_Data entries_:
^^^^^^^^^^^^^^^^
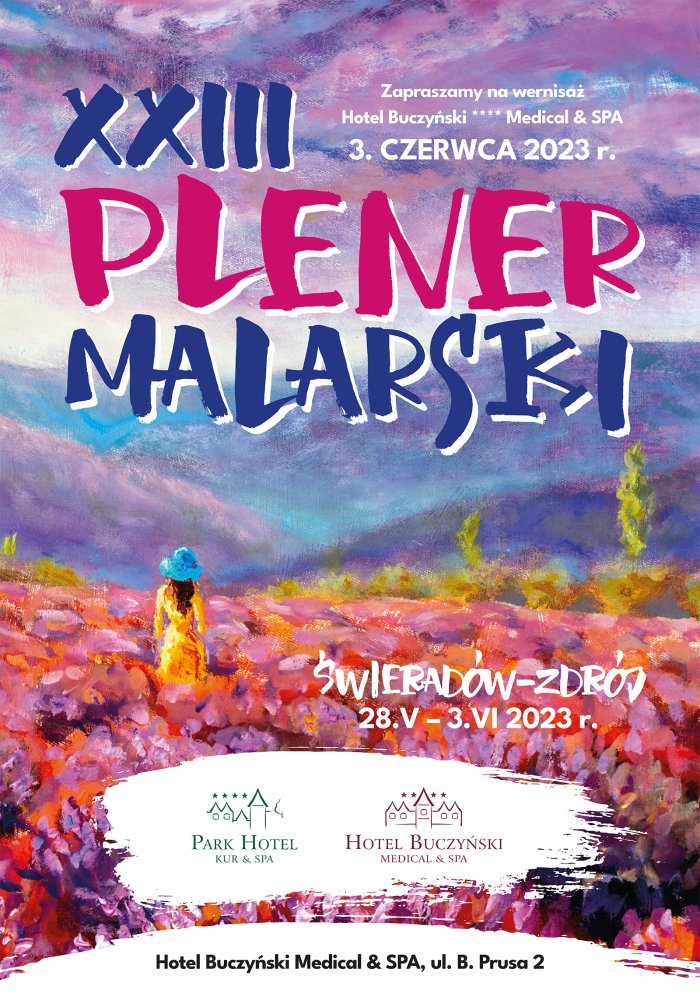 XXIII Plener Malarski 2023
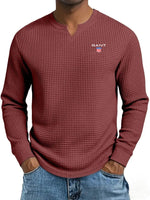 2026 Waffle Knit Long Sleeve - Limited Edition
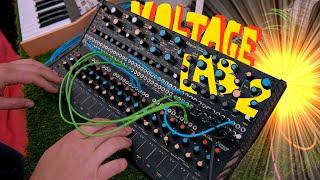 Voltage Lab 2 - Sequencer Lead Programmer #superbooth2024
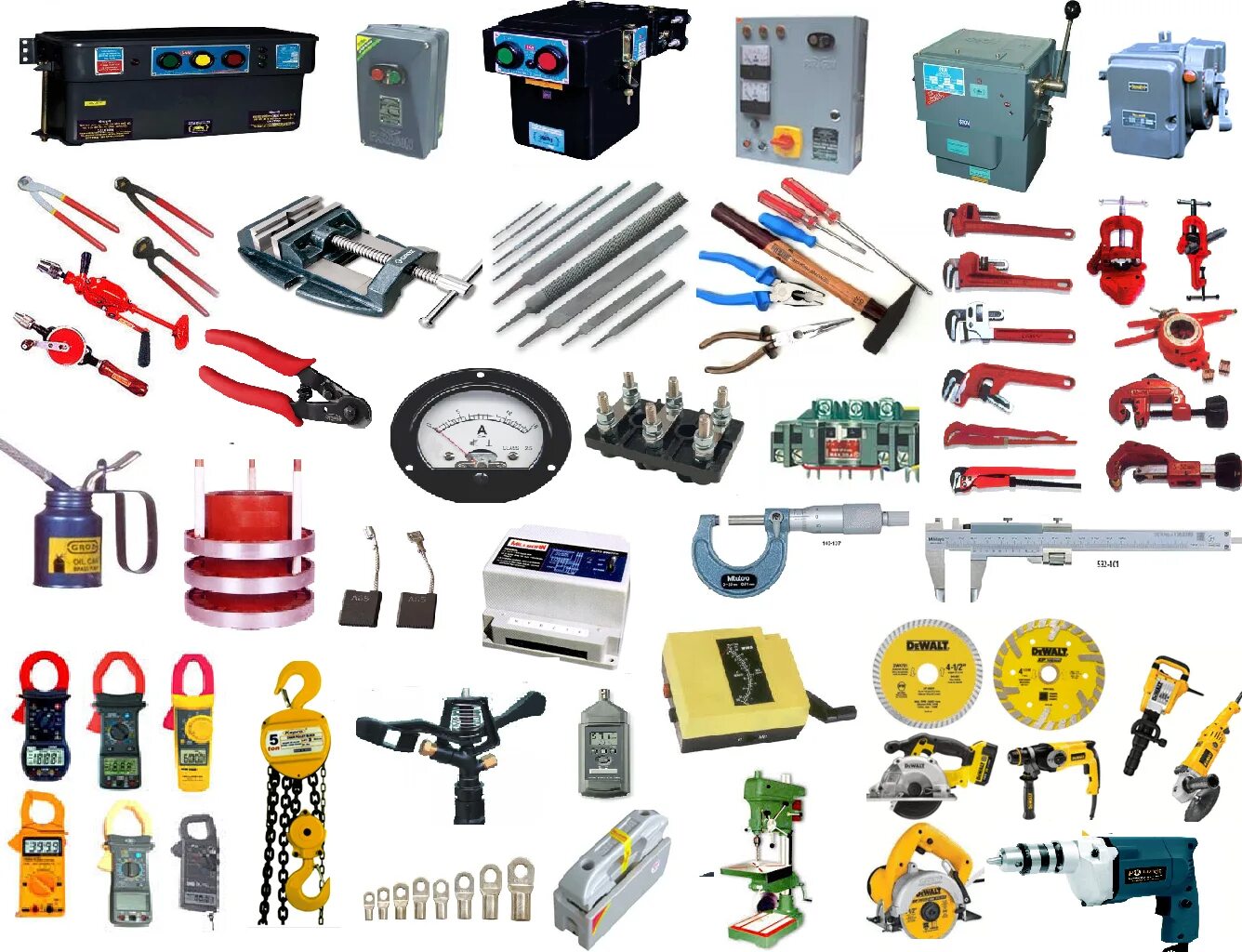 Electric products. Доп оборудование и электрика. Electrical Tools. Electrical items. Строительное оборудование PNG.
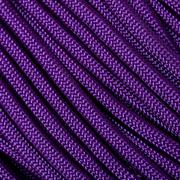 Knivesandtools 550 paracord type III, cor: purple, 100 ft (30.48 m)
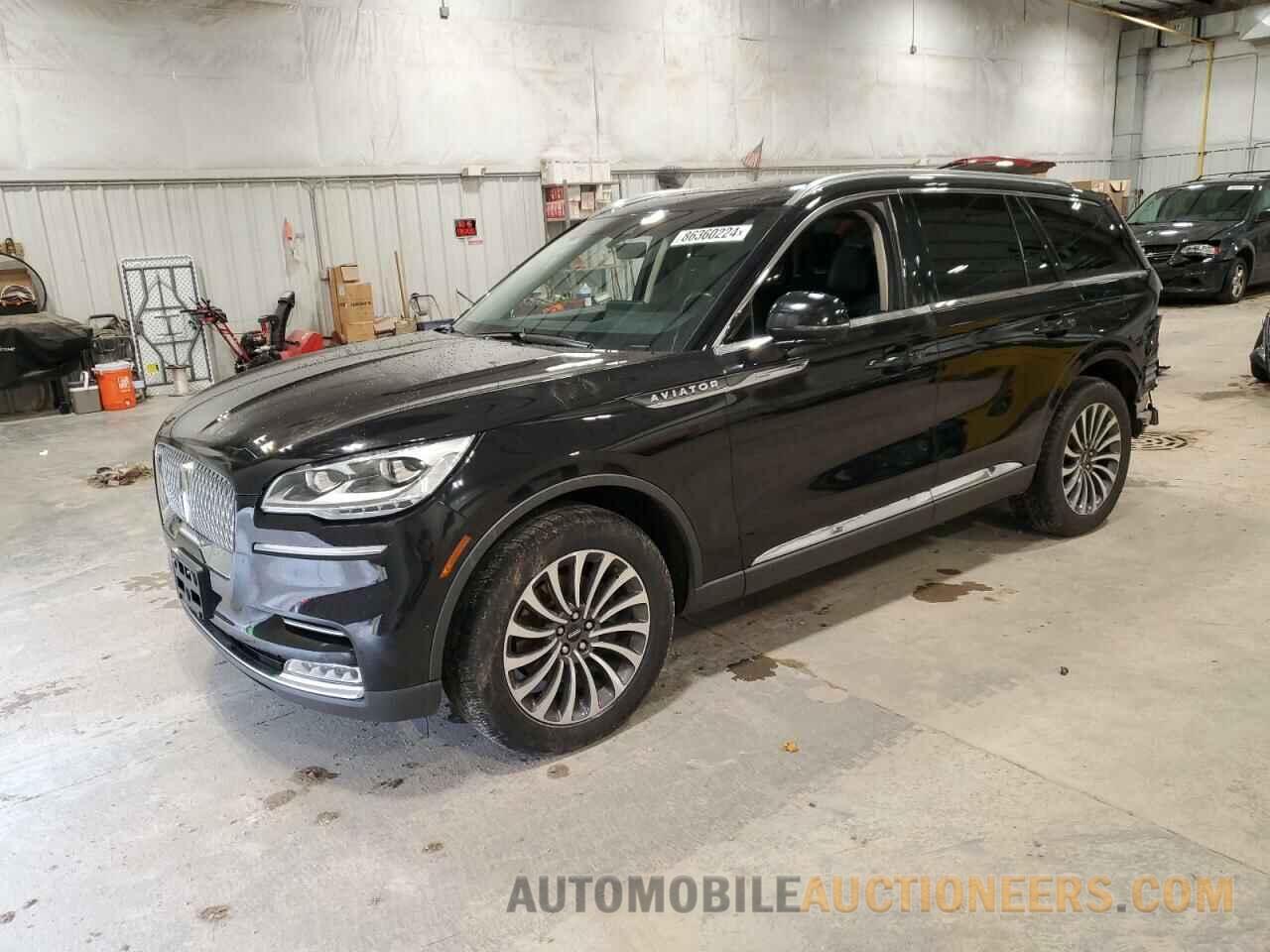 5LM5J7XC2LGL01174 LINCOLN AVIATOR 2020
^^^^^^^^^^^^^^^^
_Assigned task_:
Please give the entries above again exactly as written, leaving out any pictures.

_Result for this task_:
 XXIII Plener Malarski 2023
 2026 Waffle Knit Long Sleeve - Limited Edition
 Voltage Lab 2 - Sequencer Lead Programmer #superbooth2024
 Electric products. Доп оборудование и электрика. Electrical Tools. Electrical items. Строительное оборудование PNG.
 Knivesandtools 550 paracord type III, cor: purple, 100 ft (30.48 m)
 5LM5J7XC2LGL01174 LINCOLN AVIATOR 2020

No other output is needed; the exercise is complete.